ROOTS of Conflict: Competition and Conciliation
Among environmental and social constraints and adaptive processes, conflict is an imminent risk and a constant challenge for human societies. Whether with a steadily increasing world population, conflict increases or even decreases in the long run are controversially debated. Arguably, societies have increasingly managed to reduce the potential for violent conflicts in the long-term perspective. Thus, the study of conflict potentials and their impact on past societies can inform us about the conciliatory ability of humans to overcome or transform conflicts, shed new light on the roots, formation, and development of conflicts, and provide more complete patterns of conflict distributions and their regional biographies.
The subcluster aims at an empirical and theoretical comprehension of past conflict causes, trajectories, and conciliations by:
- disentangling complex connectivities of social, environmental, and cultural causes and triggers of past conflicts on the basis of refined sound timelines;
- both reconstructing conflict biographies and measuring conflict potential variables in order to make past conflicts diachronically comparable in terms of their severity and consequences;
- constructing models of characteristic courses of conflicts and their conciliation;
- developing a revised understanding of the possible longue durée of conflicts and conciliations. In contrast to current theories focussing on violence, new conflict theories will be formulated with a focus also on conciliation aspects, and it will be clarified whether conflicts generally follow ‘typical’ patterns. Finally, the diachronic development of conflicts and conflict resolution with regard to causes, effects, escalation levels, and long-term effects will be distinctly better understood.
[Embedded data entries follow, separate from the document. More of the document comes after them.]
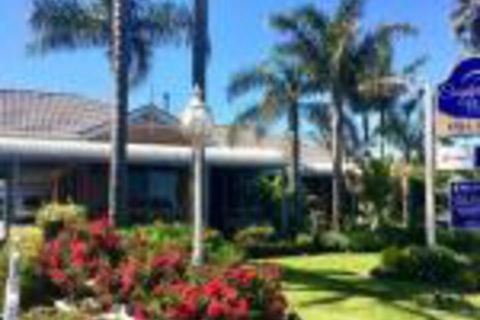 Best Western Coastal Waters Motor Inn - Tourism Adelaide 0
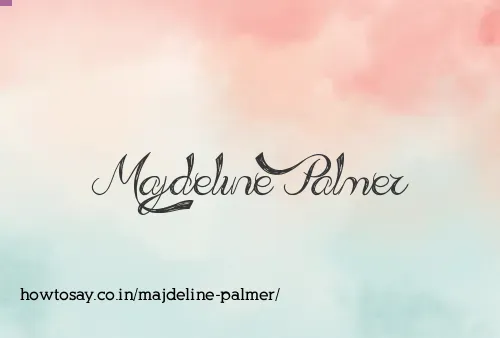 Majdeline Palmer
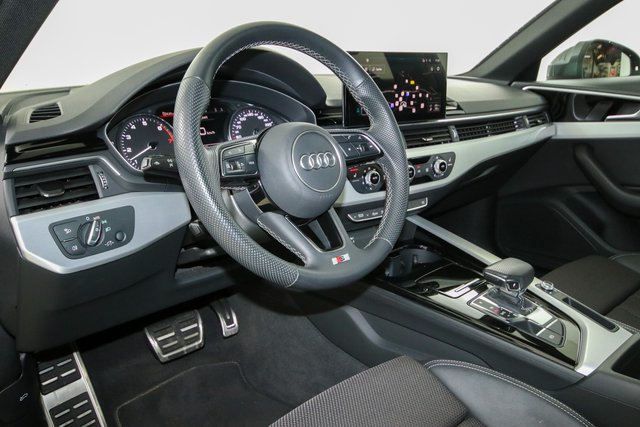 Audi A4 Avant 40 g-tron S line Kamera LED - bilder 7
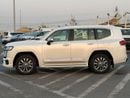 Toyota Land Cruiser VXR FUTTAIM SPECS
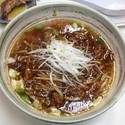 とろみラーメン 750円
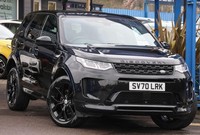 2021 Land Rover Discovery Sport 2.0 Discovery Sport R-Dynamic S+ D MHEV Auto 4WD
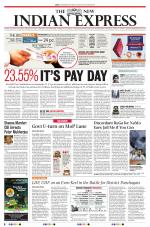 The New Indian Express-Kottayam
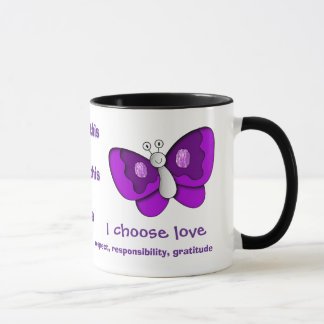 Taza Personalizado Love Mug creado por EditorsPick
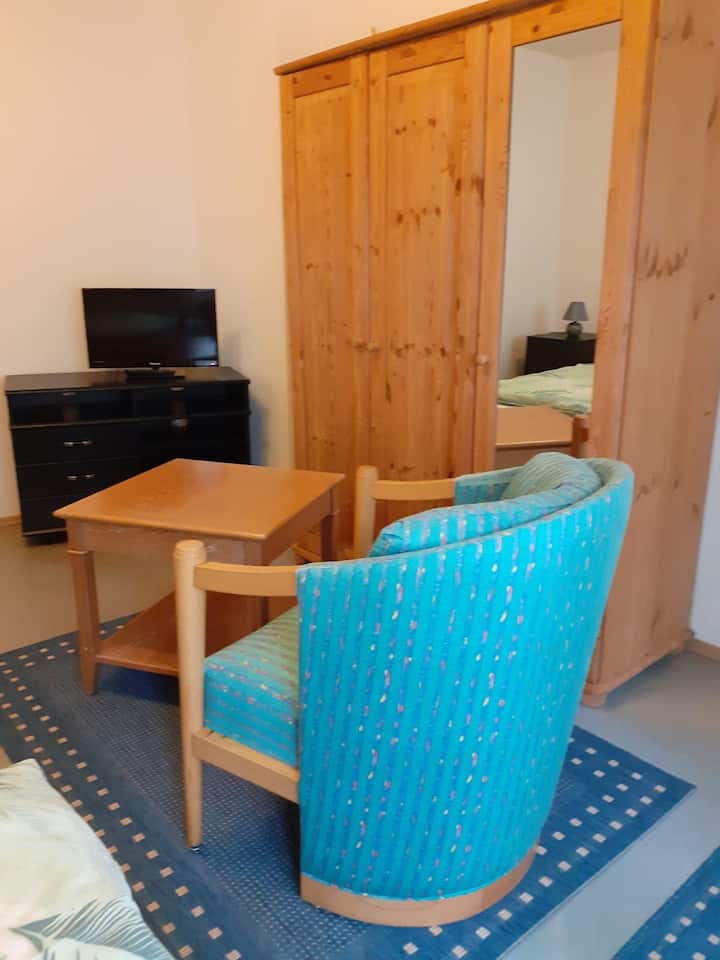 Ferienhaus Im Grünen Nord-osten Berlins - Berlin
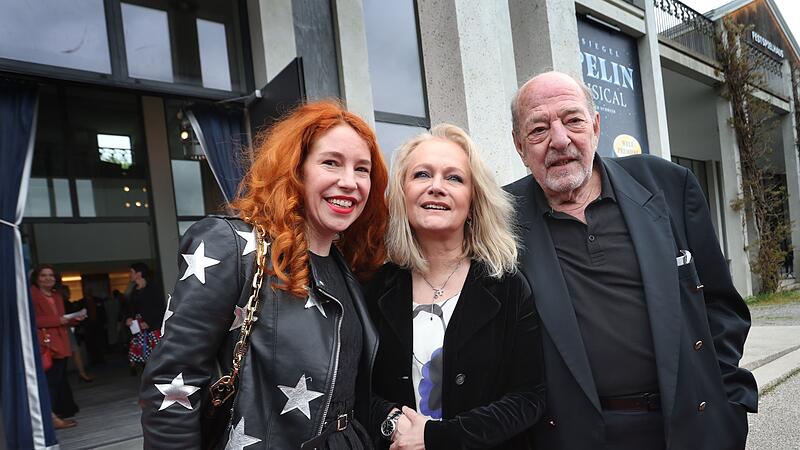 Ralph Siegel wird 80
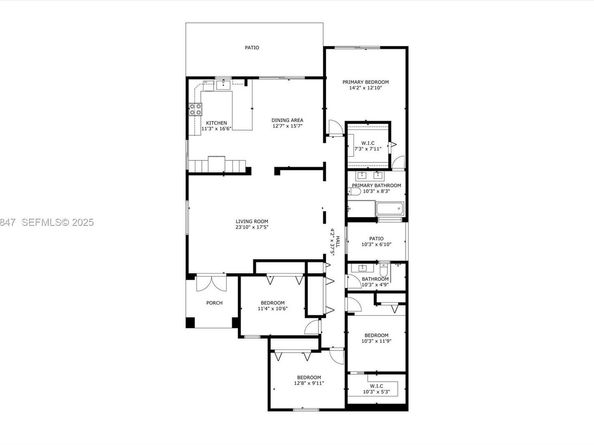 13230 NW 11th Ter, Miami FL 33182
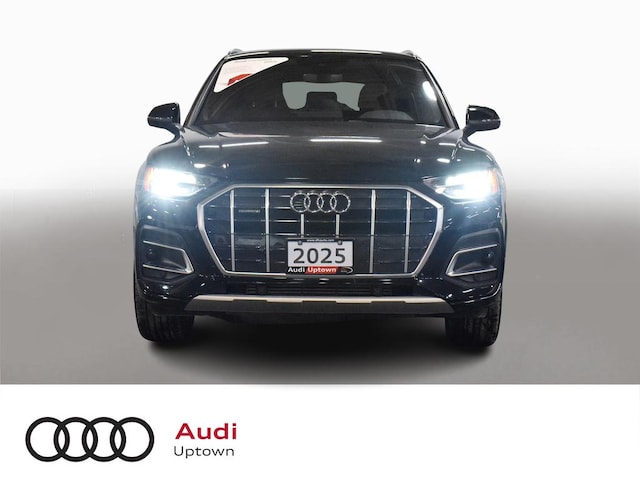 2025 Audi Q5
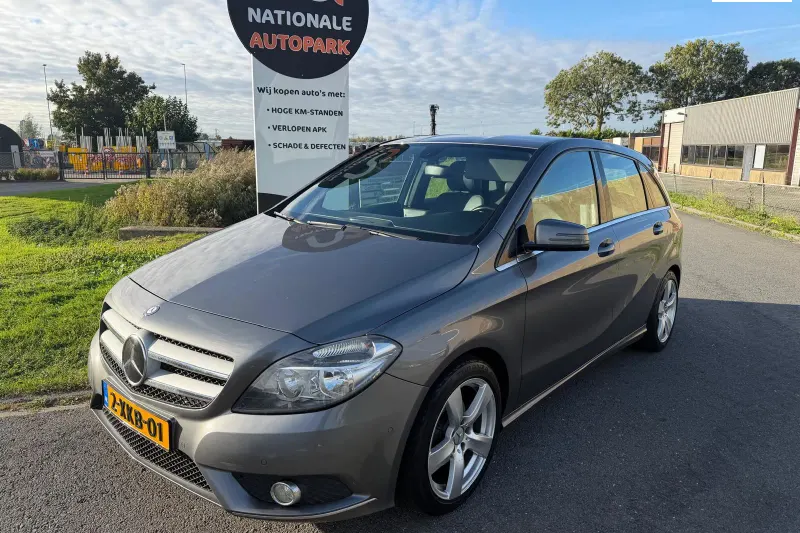 Mercedes-Benz B-Klasse (2013)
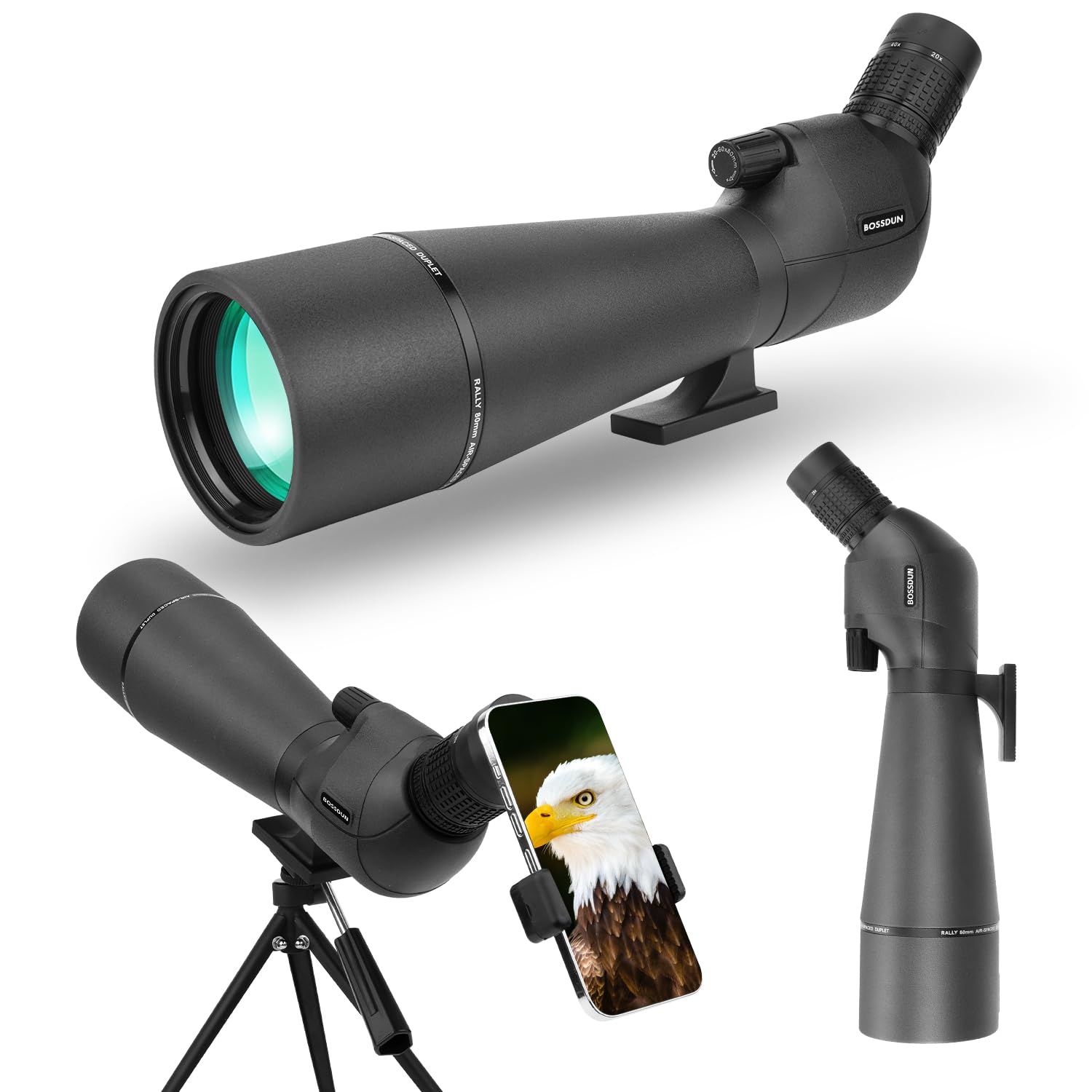 Cannocchiale da Caccia per Tiro al Bersaglio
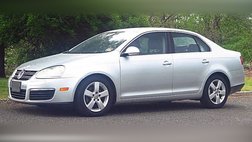 2009 Volkswagen Jetta SE
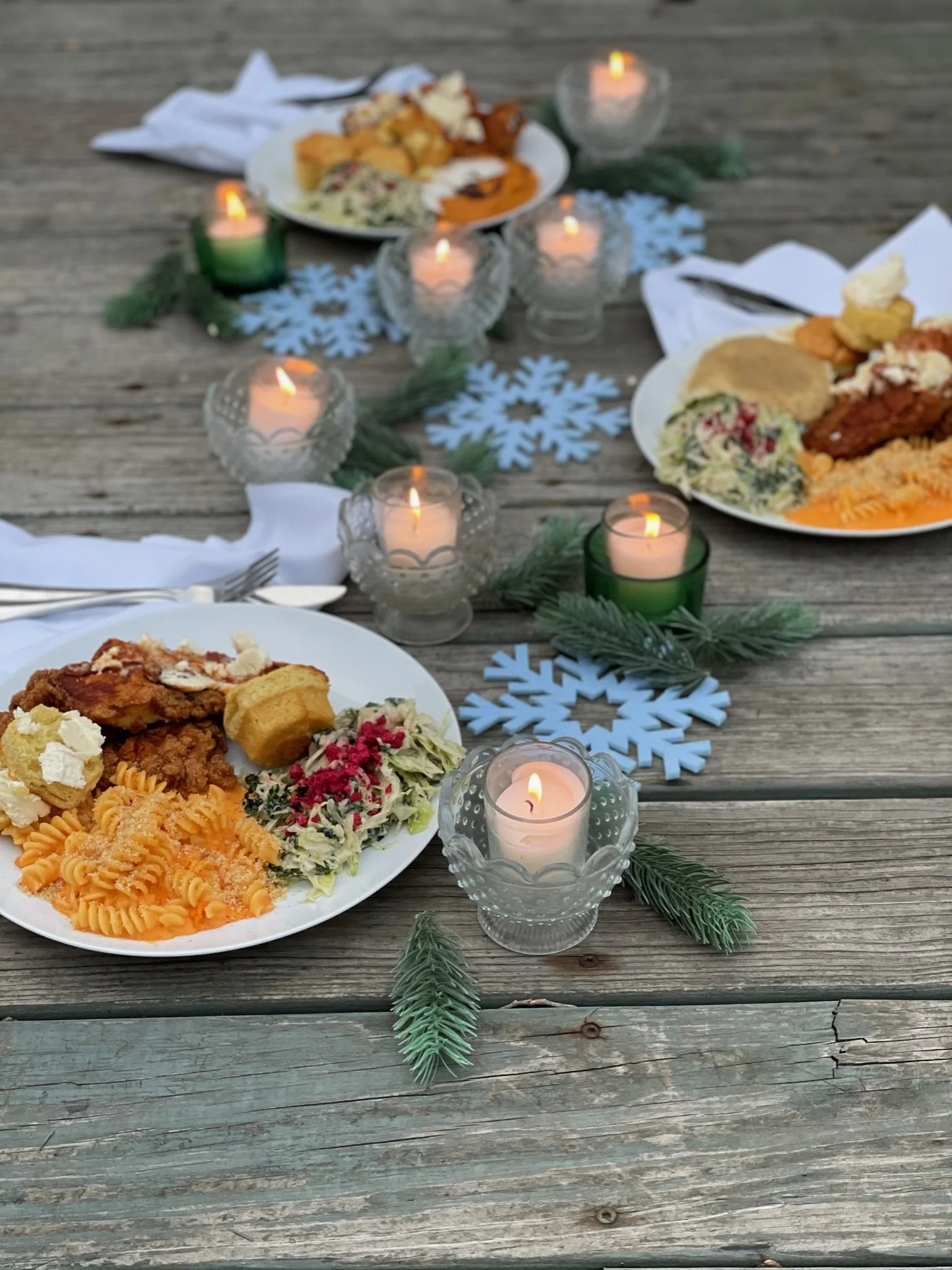 Holiday Take &amp; Bake 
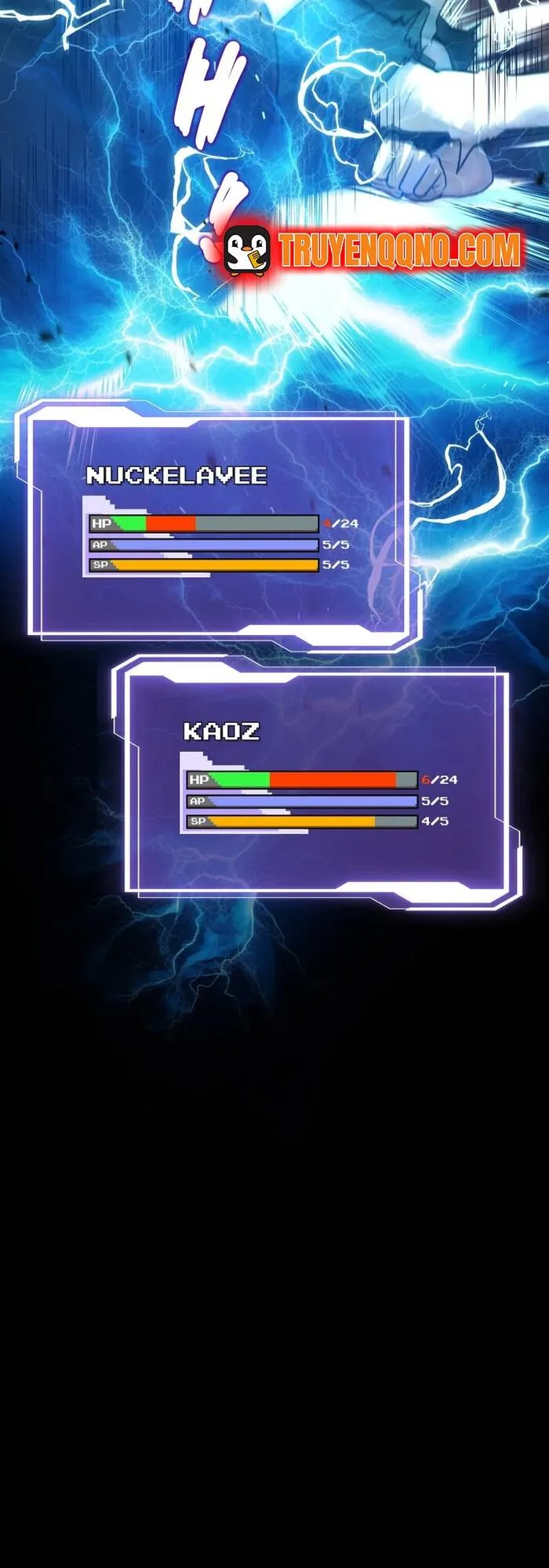 Code Demon - Chương 20 - Trang 28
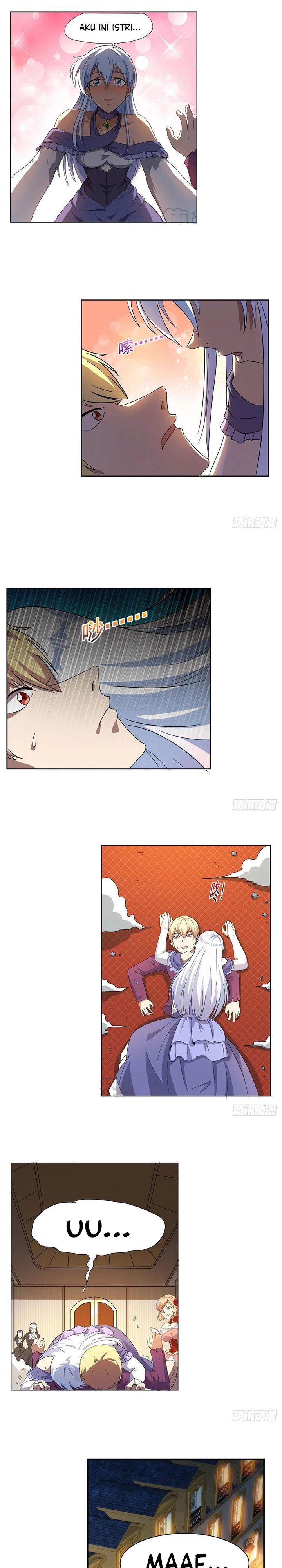 The Demon King Who Lost His Job Chapter 254 Gambar 12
ROOTS of Conflicts focuses on the following main research questions: What were the spatial and social scales of conflict in past societies? Which risk and prevention strategies were adopted in the past? Which factors, intensity, and thresholds determined whether conflict is escalated, transformed, or resolved? Were the occurrence and intensity of violence a matter of social organisation? These questions will be addressed by taking into account the role of landscape, natural environment, and subsistence in shaping conflict dynamics, as well as through identifying the scale of spatial, social, and linguistic boundaries, the interaction of these delimitation criteria between and within societies, and the role of territoriality and borders in conflict resolutions. A focus will also be placed on questions related to the qualitative differences in material culture and language that may indicate competing strategies, the implications of trade relations, and the exchange of technology and people.